Confronting the gender impact of Ebola virus disease in Guinea, Liberia, and Sierra Leone

Report
from UN Development Programme
Published on 30 Jan 2015 View Original

Ebola: No lasting recovery without a special focus on women, says UNDP

27 Feb 2015

Women need to be at the center of all efforts to help Guinea, Liberia and Sierra Leone recover from the Ebola crisis, according to a study by UNDP.

The epidemic has affected women disproportionately because of the essential role they play as caretakers, health personnel, farmers and small traders. For instance, as of December 2014, women represented 62 percent of the sick in Guéckédou, Guinea where the epidemic first appeared, and up to 74 percent in Télémilé, north of the capital Conakry.

“Buried in the aggregated impact is the plight of Ebola’s voiceless victims and agents of change—women and children,” say the authors of the study, adding that “Ebola response and recovery, and national development strategies must be gender-sensitive in addressing the associated negative impacts on women and girls.”

More than 800,000 women will give birth during the next 12 months in all three countries. But with the severe shortage of health facilities and professionals, compounded by the fear of getting infected in a clinic, many could die without proper care. In the three countries, HIV screenings have decreased by 90 percent.

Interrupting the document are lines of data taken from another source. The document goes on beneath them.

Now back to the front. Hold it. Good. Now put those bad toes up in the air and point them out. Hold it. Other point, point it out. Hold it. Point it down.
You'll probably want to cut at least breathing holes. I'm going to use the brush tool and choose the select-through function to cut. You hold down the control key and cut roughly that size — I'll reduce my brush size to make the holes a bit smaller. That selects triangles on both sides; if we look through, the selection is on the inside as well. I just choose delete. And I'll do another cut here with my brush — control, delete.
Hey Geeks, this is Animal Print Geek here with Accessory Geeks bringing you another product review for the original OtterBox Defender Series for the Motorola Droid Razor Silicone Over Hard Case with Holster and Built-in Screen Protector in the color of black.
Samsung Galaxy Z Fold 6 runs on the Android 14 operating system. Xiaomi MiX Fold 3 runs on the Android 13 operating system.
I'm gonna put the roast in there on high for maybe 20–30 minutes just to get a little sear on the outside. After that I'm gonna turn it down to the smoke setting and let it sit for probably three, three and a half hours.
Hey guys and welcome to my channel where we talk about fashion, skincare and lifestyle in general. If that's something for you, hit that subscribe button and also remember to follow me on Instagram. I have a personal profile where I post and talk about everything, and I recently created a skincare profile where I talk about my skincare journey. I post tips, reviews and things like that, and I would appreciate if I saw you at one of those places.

UNFPA has also warned that teenage pregnancy, early marriage and violence and exploitation of women are on the rise.

The document says improved health and birthing facilities are urgently needed to prevent mothers from dying in childbirth.

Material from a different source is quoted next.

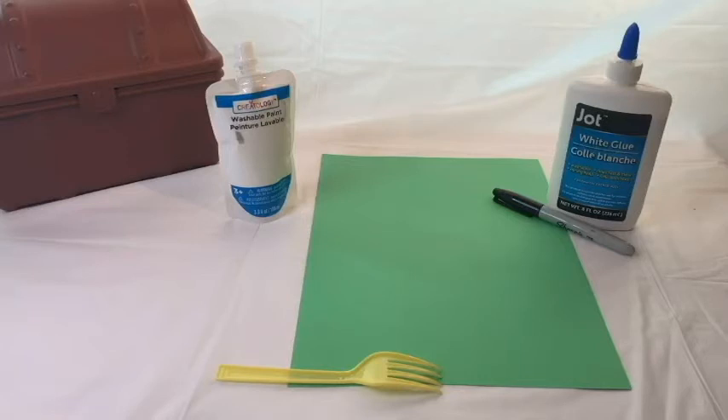Paint — white paint. Glue — white glue. A marker or a sharpie, black, must be black. A construction paper sheet — you can use any color, we are going to use green for this project today, but you can pick any color, the color that you like the most. And a fork — try to get yourself a plastic fork so you don't have any accident.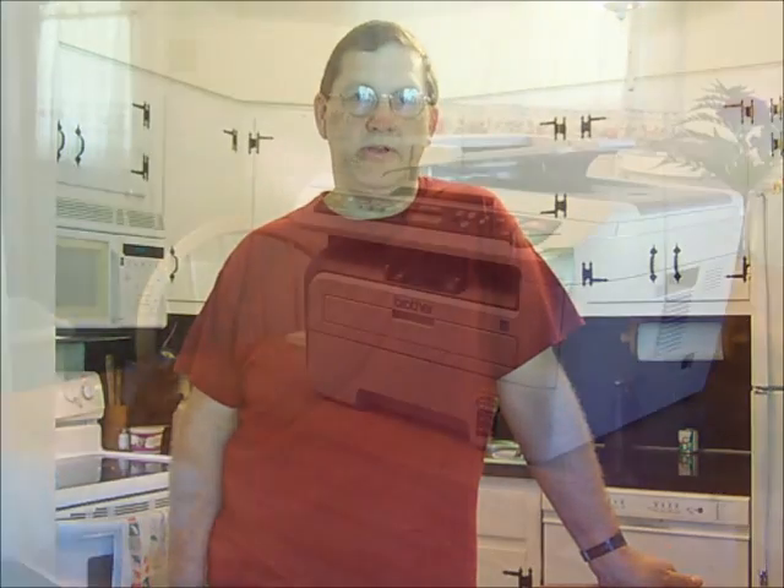Hello, I'm Carl with Frugalberry.com. Today I'm going to show you how to save lots of money by overriding your toner low alarm on your Brother printer.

The study also calls for the creation of specific safety net mechanisms, such as cash transfers and employment schemes for women as survivors and heads of households. It also calls for longer-term support for women in agriculture or as entrepreneurs. Because their livelihoods have often dwindled or disappeared, many women who used to received funds from microfinance institutions have been unable to repay their loans.

In addition, health officials and organizations working to combat the Ebola epidemic must involve women in efforts to raise awareness about the disease, share risk mitigation measures, and discuss prevention and eradication.